_WHAT YOU SHOULD DO_
The answer is the full listing below, copied exactly, with its pictures omitted.

_INFORMATION SHOWN_
----
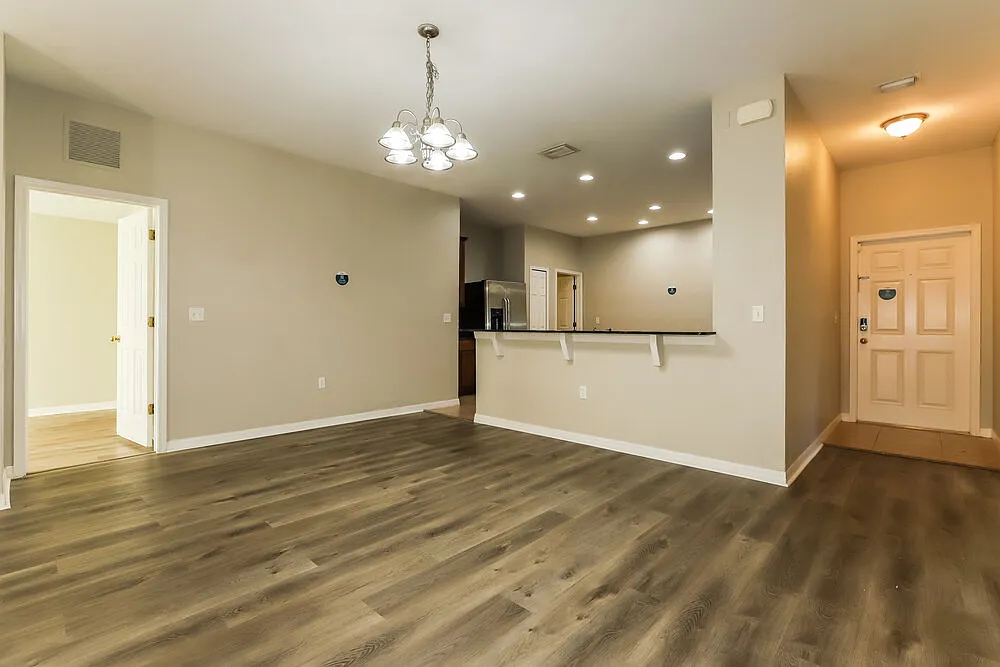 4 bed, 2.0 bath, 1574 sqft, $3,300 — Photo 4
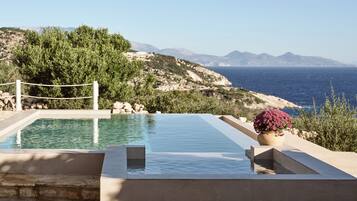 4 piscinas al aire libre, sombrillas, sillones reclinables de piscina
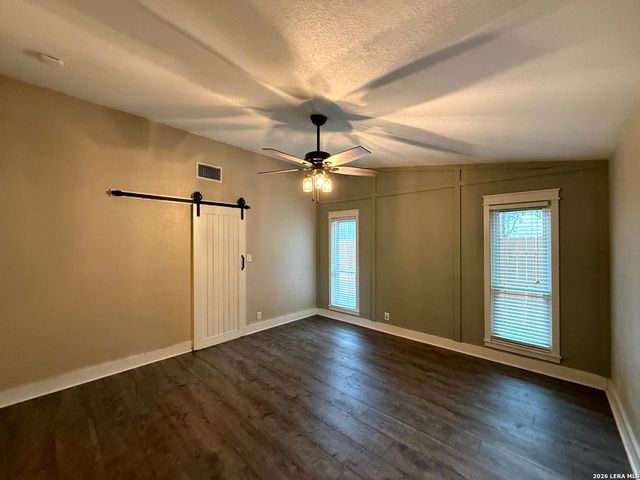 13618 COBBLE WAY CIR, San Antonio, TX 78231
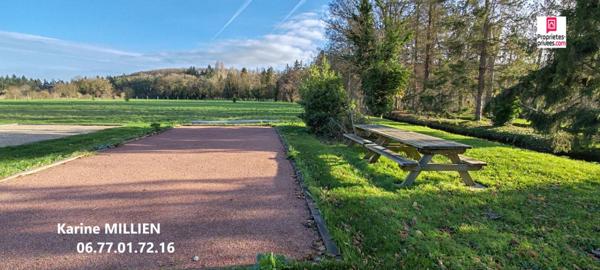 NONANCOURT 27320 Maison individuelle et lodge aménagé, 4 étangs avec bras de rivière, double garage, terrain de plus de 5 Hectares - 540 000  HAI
----
_SOLUTION BELOW_
 4 bed, 2.0 bath, 1574 sqft, $3,300 — Photo 4
 4 piscinas al aire libre, sombrillas, sillones reclinables de piscina
 13618 COBBLE WAY CIR, San Antonio, TX 78231
 NONANCOURT 27320 Maison individuelle et lodge aménagé, 4 étangs avec bras de rivière, double garage, terrain de plus de 5 Hectares - 540 000  HAI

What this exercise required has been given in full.